■ Dataset entries ■
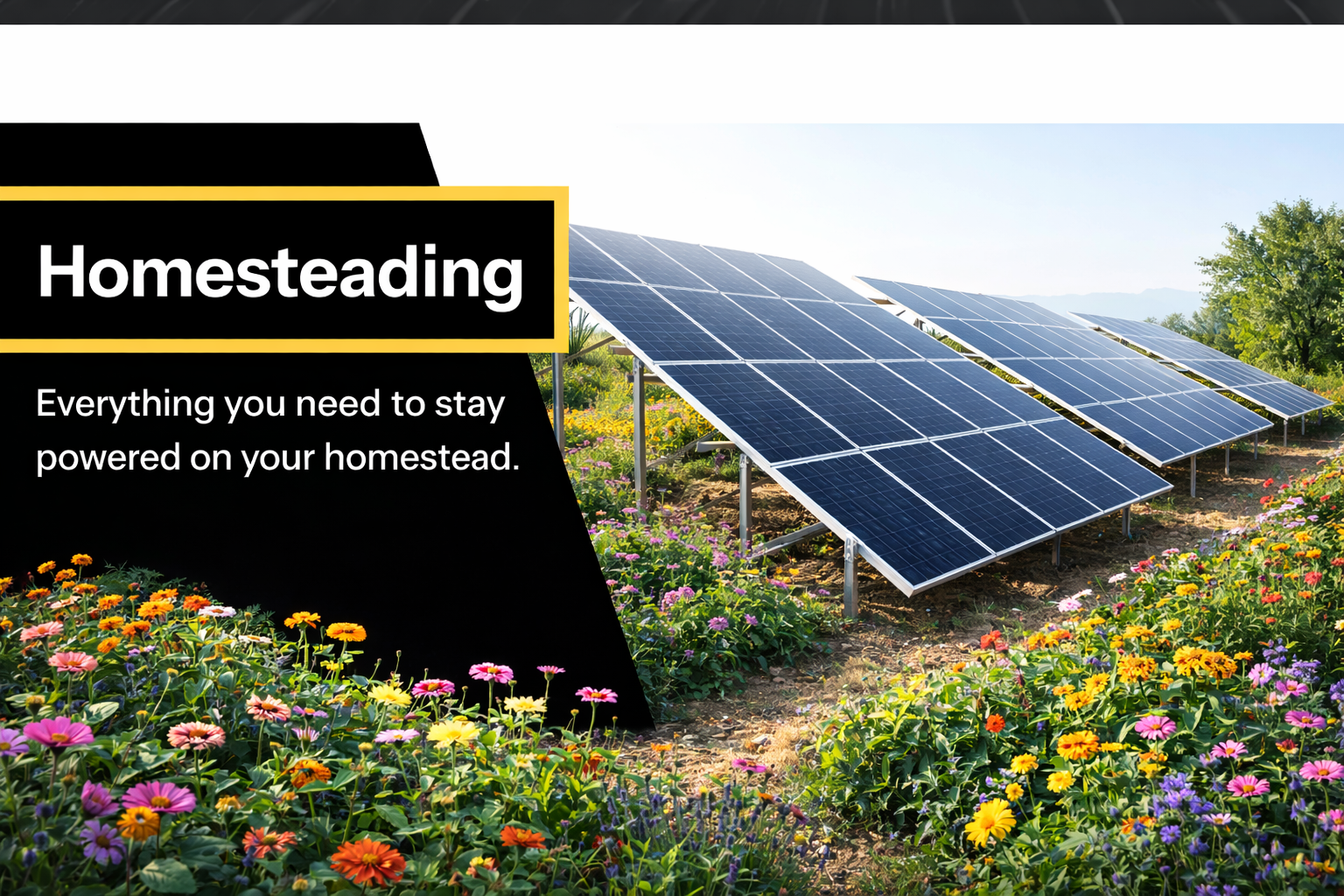 Homesteading
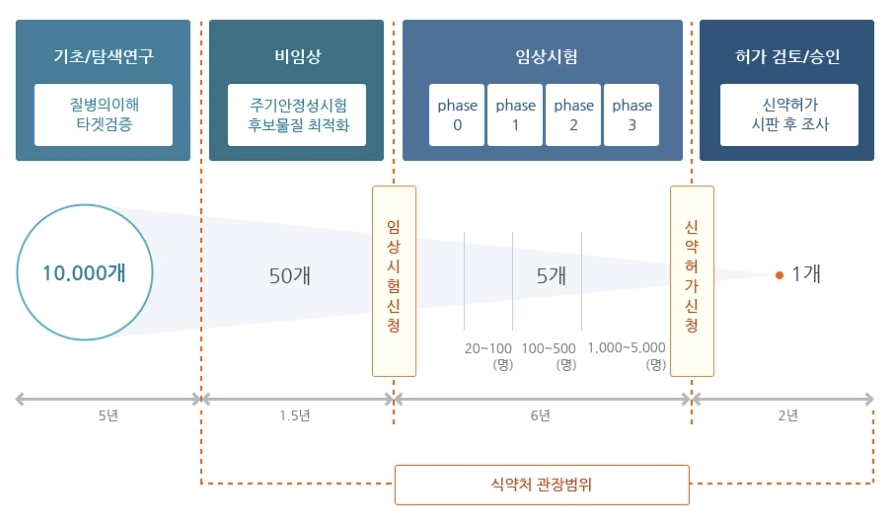 이미지: 일반적인 신약개발 r&d 과정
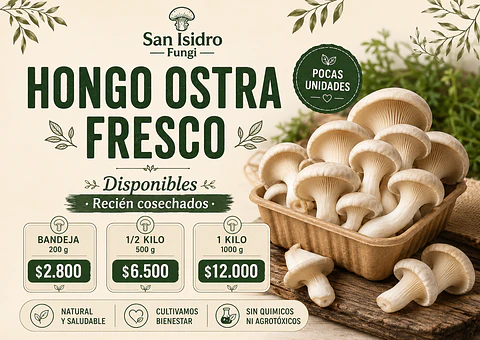 Hongo Ostra fresco
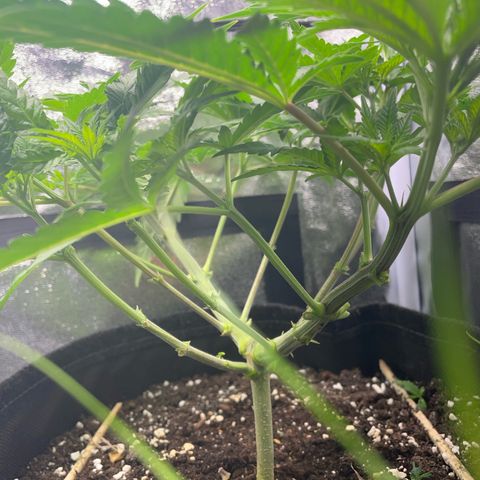 Critical growlog timeline photo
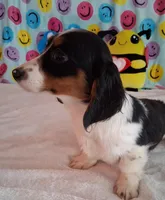 Noodles, a male Miniature Dachshund for sale in Ashland, OH – Photo 7 of 8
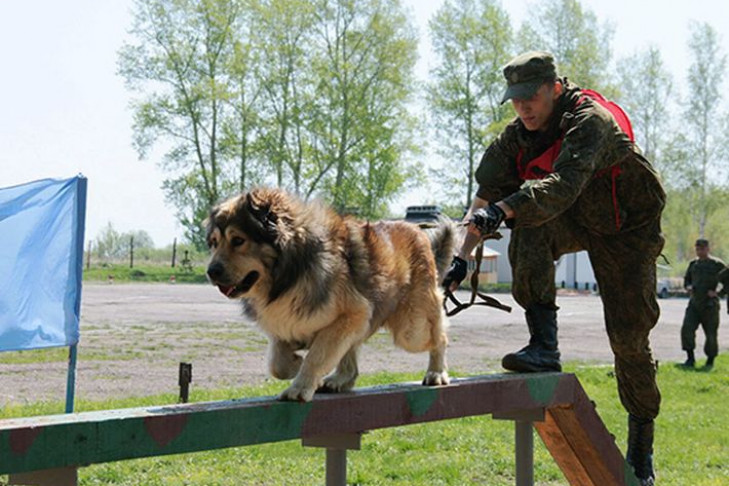 Сотни бесстрашных псов собрались под Новосибирском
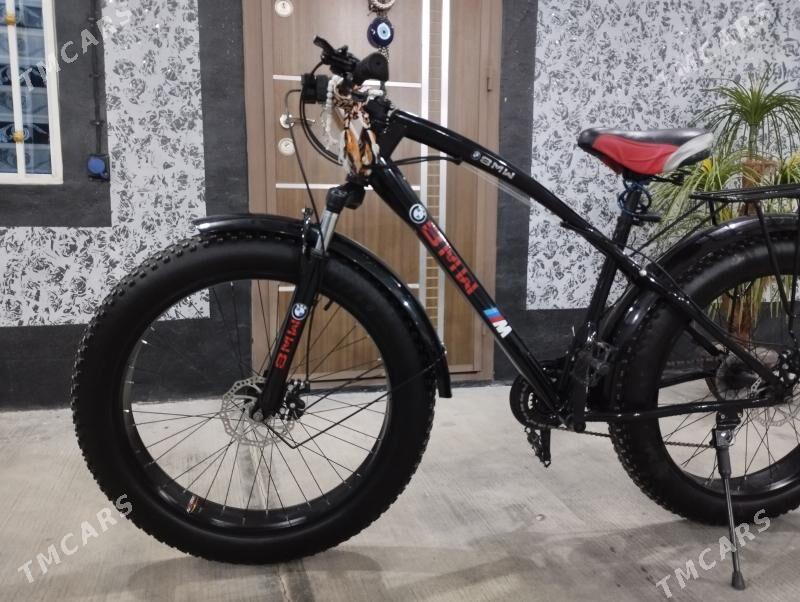 Tigir - Büzmeýin - img 1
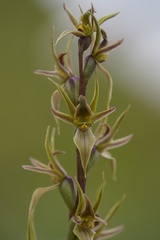 Prasophyllum incorrectum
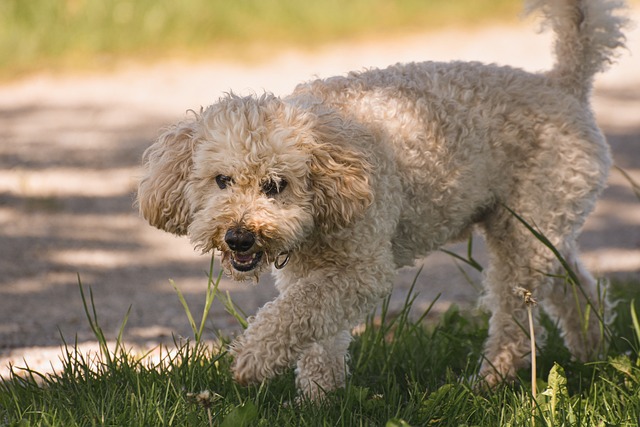 poodle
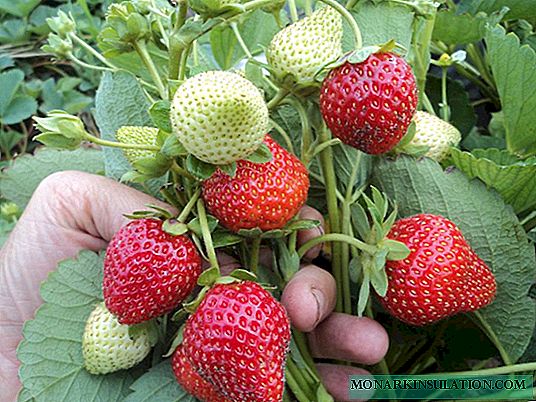 Garden strawberry Irma: characteristics and features of cultivation
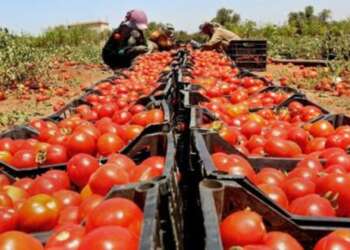 المغرب في المرتبة 14 عالمياً في إنتاج الطماطم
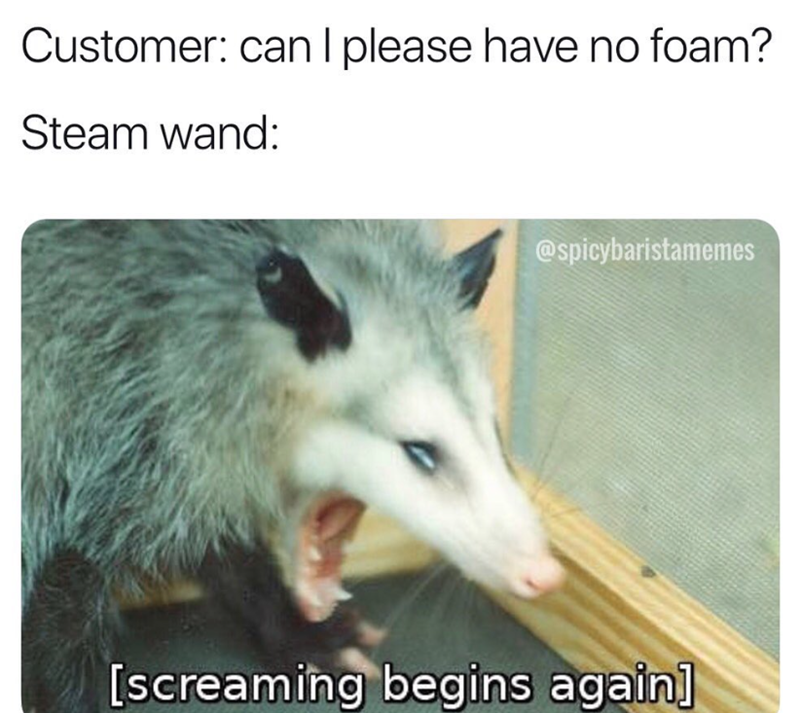 Customer: can I please have no foam? Steam wand: @spicybaristamemes [screaming begins again]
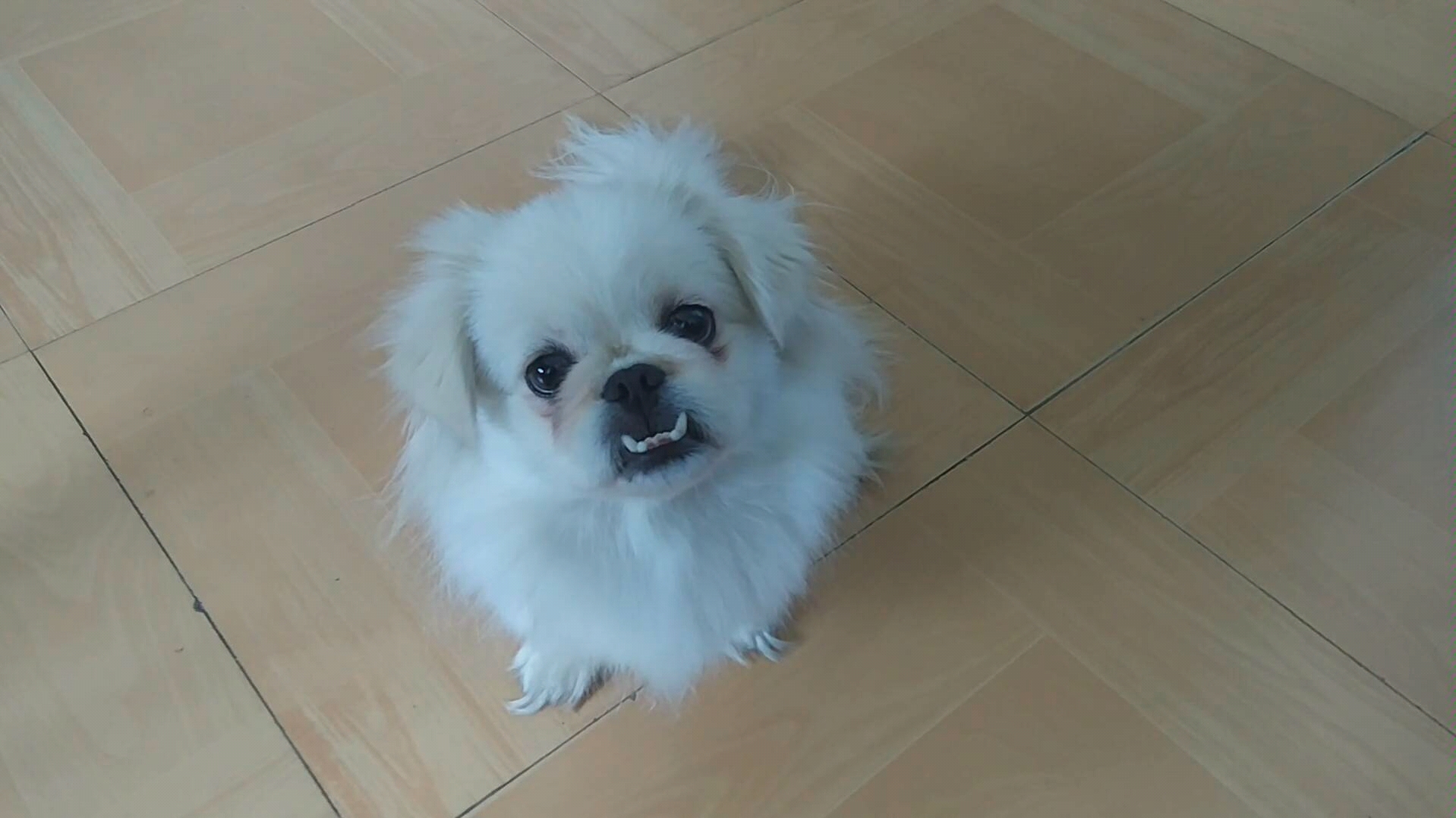 【渔干】小京巴月饼露出幸福的小龅牙_哔哩哔哩 (゜-゜)つロ 干杯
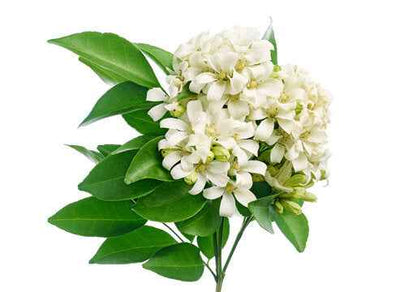 Murraya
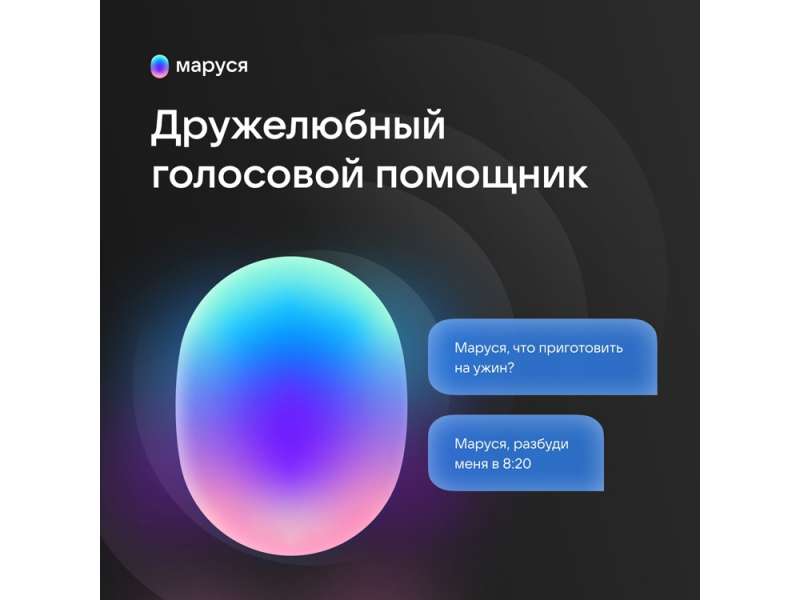Умная колонка VK Капсула с голосовым помощником Марусей, черный №10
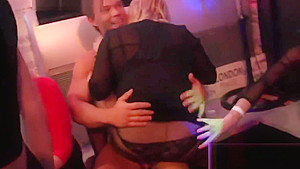 Slutty kittens get entirely crazy and stripped at hardcore party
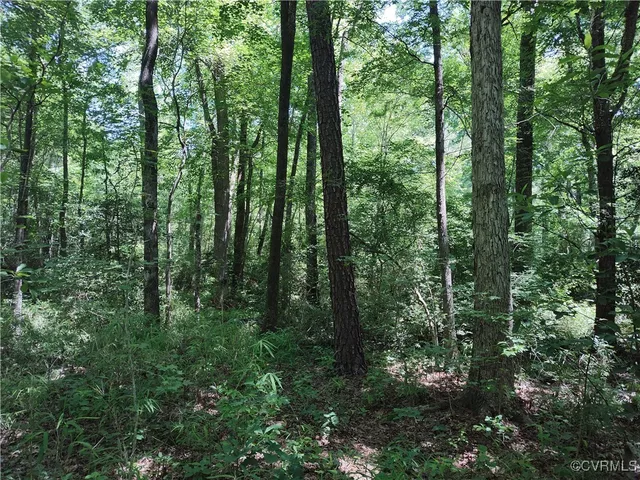 $74,000 | N/a Blue Star Highway, Jarratt, VA 23867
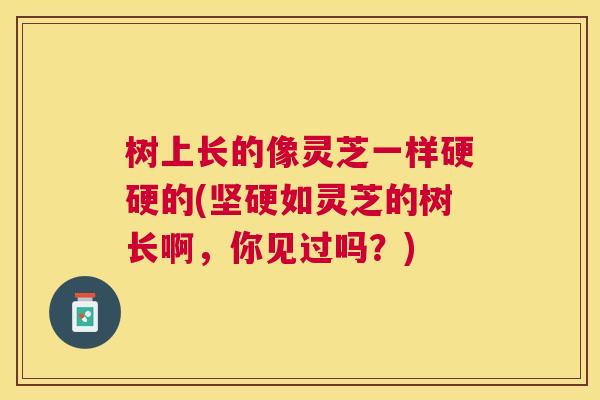 树上长的像灵芝一样硬硬的(坚硬如灵芝的树长啊,你见过吗?) 树上长的像灵芝一样硬硬的(坚硬如灵芝的树长啊,你见过吗?)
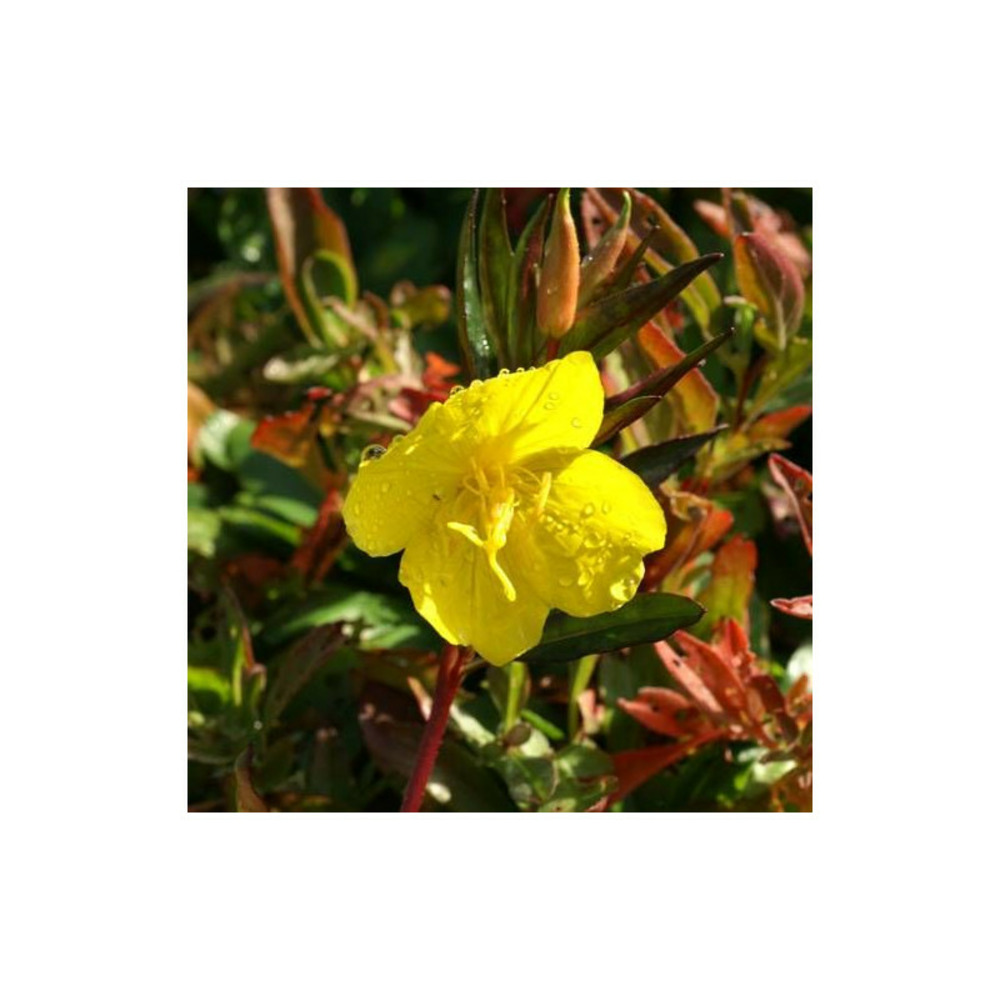 Onagre fruticosa ssp. Glauca, oenothère lot de 3 godets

■ Task description ■
All lines from the line with "المغرب في المرتبة" through the final line of the data, both included, are to be repeated exactly; no other lines and no pictures.

■ Answer area ■
 المغرب في المرتبة 14 عالمياً في إنتاج الطماطم
 Customer: can I please have no foam? Steam wand: @spicybaristamemes [screaming begins again]
 【渔干】小京巴月饼露出幸福的小龅牙_哔哩哔哩 (゜-゜)つロ 干杯
 Murraya
Умная колонка VK Капсула с голосовым помощником Марусей, черный №10
 Slutty kittens get entirely crazy and stripped at hardcore party
 $74,000 | N/a Blue Star Highway, Jarratt, VA 23867
 树上长的像灵芝一样硬硬的(坚硬如灵芝的树长啊,你见过吗?) 树上长的像灵芝一样硬硬的(坚硬如灵芝的树长啊,你见过吗?)
 Onagre fruticosa ssp. Glauca, oenothère lot de 3 godets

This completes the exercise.